__Exercise objective__. All lines at and after the one containing "British army surplus", up to the end of the listing below, are to be printed exactly, with the pictures omitted.

__Data shown__.

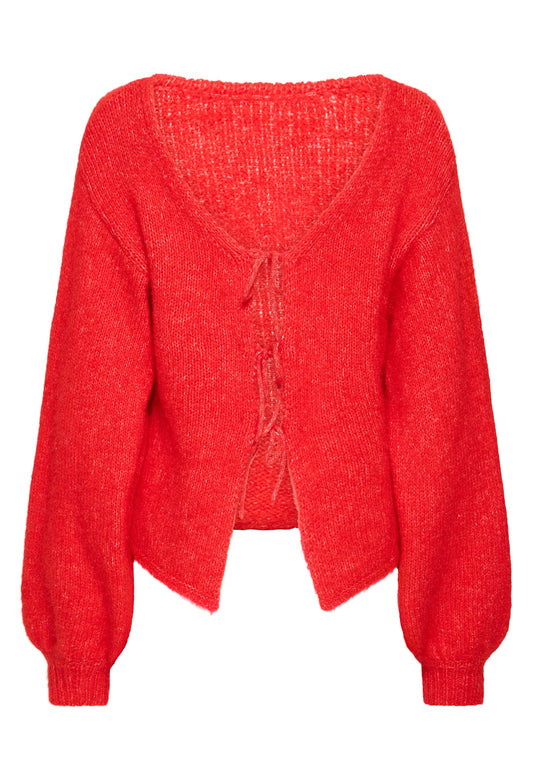 ICHI - DABRIA - Bow detail knitted jumper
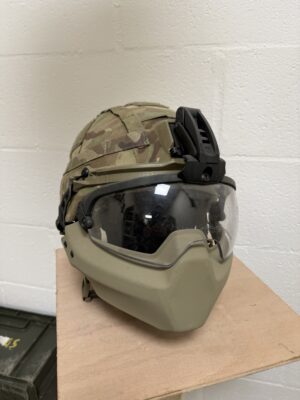 British army surplus Virtus  revision balltleskin helmet and accessories LARGE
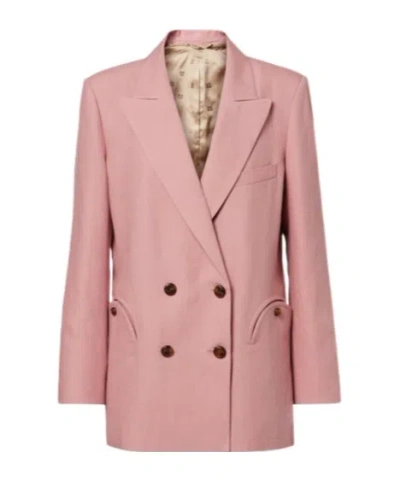 Blazé Milano Classic Loose-fit Blazer In Pink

__Answer area__.
 British army surplus Virtus  revision balltleskin helmet and accessories LARGE
 Blazé Milano Classic Loose-fit Blazer In Pink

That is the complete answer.